== PROBLEM REQUIREMENTS ==
Transcribe the data that follows in full. Leave out the pictures.

== MATERIAL PROVIDED ==

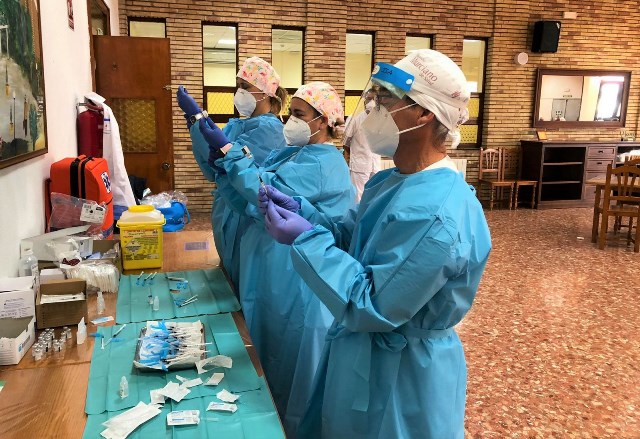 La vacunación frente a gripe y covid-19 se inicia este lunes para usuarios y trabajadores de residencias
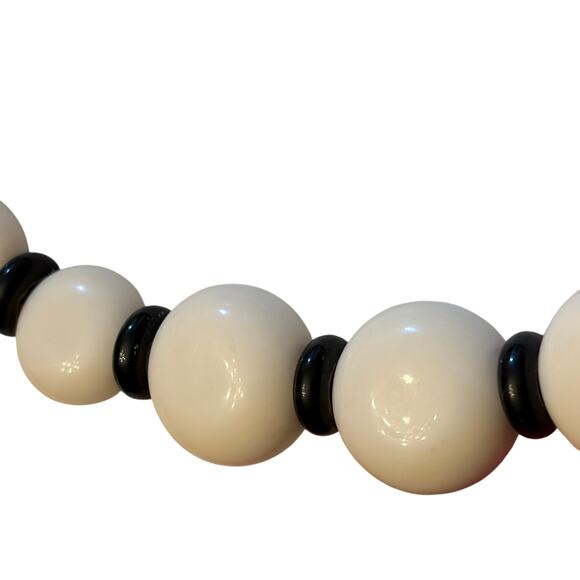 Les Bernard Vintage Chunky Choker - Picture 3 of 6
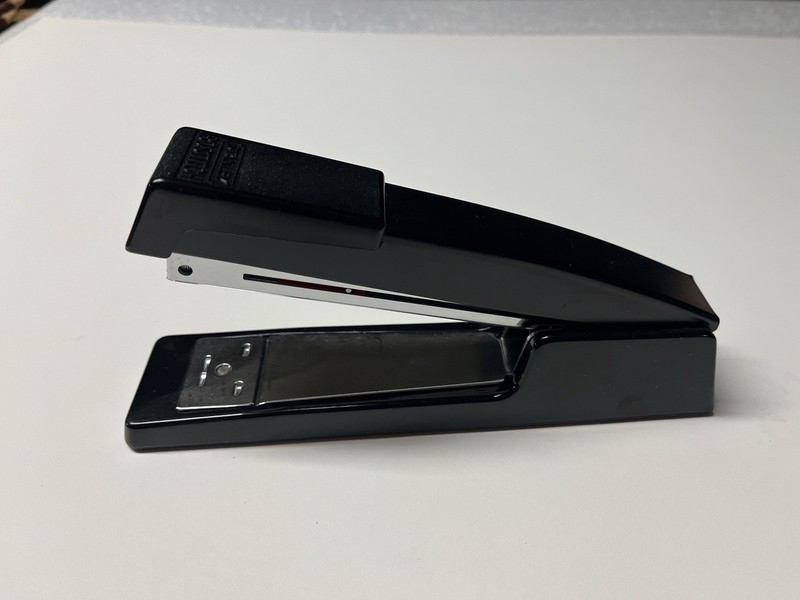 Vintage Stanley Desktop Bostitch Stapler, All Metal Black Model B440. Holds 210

== EXERCISE RESPONSE ==
 La vacunación frente a gripe y covid-19 se inicia este lunes para usuarios y trabajadores de residencias
 Les Bernard Vintage Chunky Choker - Picture 3 of 6
 Vintage Stanley Desktop Bostitch Stapler, All Metal Black Model B440. Holds 210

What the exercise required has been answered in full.